Above: Christopher Laird, photographed in 2005. Photo by Mark Lyndersay
BitDepth#1527 for September 08, 2025
On August 22, at the opening of Carifesta, Prime Minister Mia Mottley announced that the Barbados government would acquire the archives of Banyan, a television documentary company focused on local cultural content over the last 50 years.
The announcement came almost three years after the late Mark Loquan announced that NGC would acquire the archive.
The institutionally cavalier treatment of TT’s history as recorded by its journalists is a topic that I’ve returned to often in this column, most directly in a 2017 column.
Decades ago at a TT talk shop, a person I remember as former PoS Mayor John Rahael pointing out that the key difference between the rich and the middle-class wasn’t just how much money they earned, it was how much they kept, underlining the difference between assets and expenses.
Great wealth did not visit me because of his advice, but his counsel did not fall on deaf ears.
Dovetailing it with decades spent observing the great care that the late photographer Noel Norton took of his negatives, I recommitted to preserving my only real assets, my photographs and writing.
Choosing that path is hard enough. Actually walking it is painfully difficult. Guarding creative work against the predations of IP thieves, predatory work for hire agreements and the inexperience of solo freelancing dented those efforts over the years.
My work as a photographer actually began with video, controlling an early video camera for the pilot Family Planning Association video that would become Who The CAP fits, a seminal Banyan education series that mixed creole narrative with life counsel.
The musician Ronald Reid brought me first to a backyard meeting at the Woodbrook home of Maurice Brash where the early Banyan was brainstorming a Christmas special for broadcast on TTT.
Looking back at the talent in that room, Christopher and Judith Laird, Maurice Brash, Bruce Paddington, Dawud Orr, Ron and Christopher Pinheiro, I wasn’t only out of my depth; I was generously buoyed by their collective patience and support.
That first self-produced pilot, starring Joanne Kilgour and John Isaacs was recorded on reel to reel magnetic tape hard-wired to cameras under the supervision of a UN consultant. It is also a part of the Banyan archive.
Video has always been a collaborative, human resource intensive endeavor, and the experience pushed me to still photography, which I could pursue on my own, but Banyan never let me go, something I never forgot.
Laird would ask me to contribute music reviews for his cultural magazine, Kairi, and again when the call came to review theatrical productions on my motorbike for early episodes of Gayelle. Four episodes into that experience, people began recognizing me in the street and I quickly retired the slot.
More recently, after Gayelle the Channel began broadcasting quite literally around the corner from my studio, I volunteered to do promotional photos of the hosts of its shows.
My continued intersections with Banyan offered a unique window into Laird’s fight to first maintain archives of the station’s output, then to digitize Banyan’s archive of tapes.

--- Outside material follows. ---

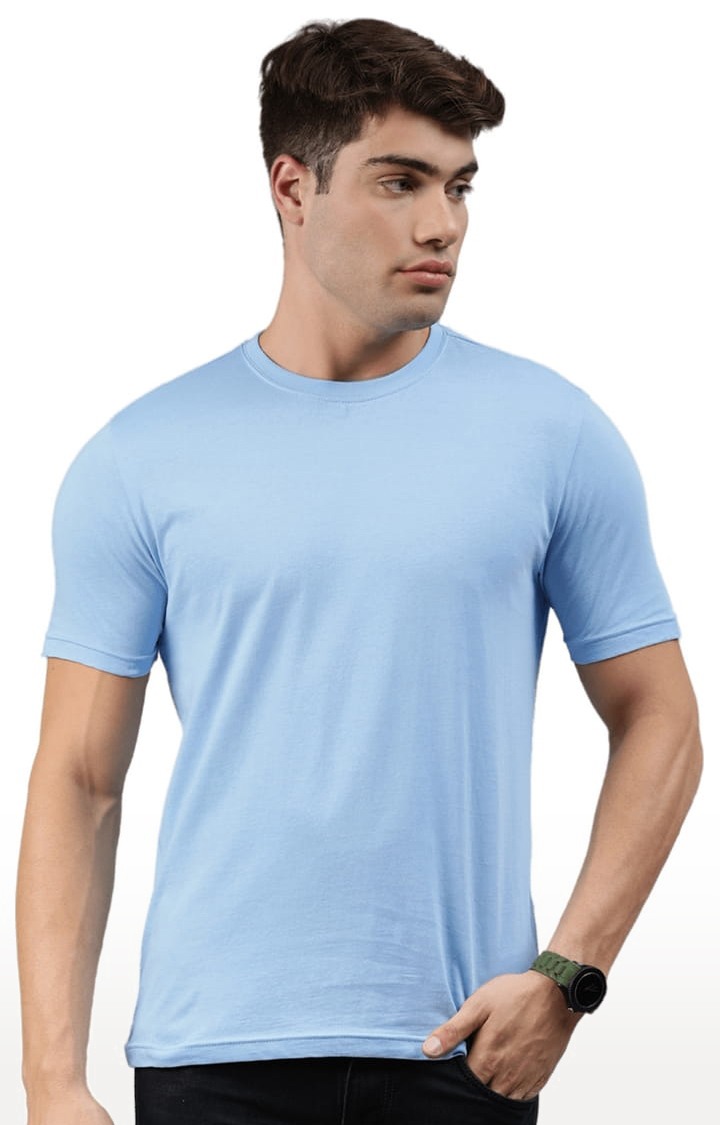Men's Light Blue Solid Regular T-Shirt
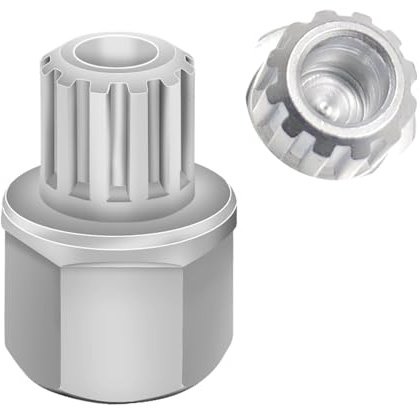 JEUCLEL Clé d'écrou de verrouillage de roue 57/12PT compatible avec VW Volkswagen Audi VAG, adaptateur de douille d'écrou de blocage de roue, outil de retrait d'écrou de roue antivol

His industry is remarkable. A roll of film in an archival file sheet with a contact print fits into a standard manila envelope easily.
Early video tape captured short clips and even the industry standard U-Matic tape, half the size of a cereal box, held between 30 to 60 minutes worth of raw footage. A simple two-camera setup resulted in a shoe-box full of tape cartridges.
Chris Laird didn’t just hold onto the edited work, he managed to preserve the raw footage of critical interviews and conversations, an unprecedented record of evolving regional talent that covers a half-century of creative work in TT and the wider Caribbean.
In assembling an archive like this, it’s possible to identify some gems early, but history often redefines overlooked heroes in retrospect, and both the mundane and the outrageous look quite different decades later.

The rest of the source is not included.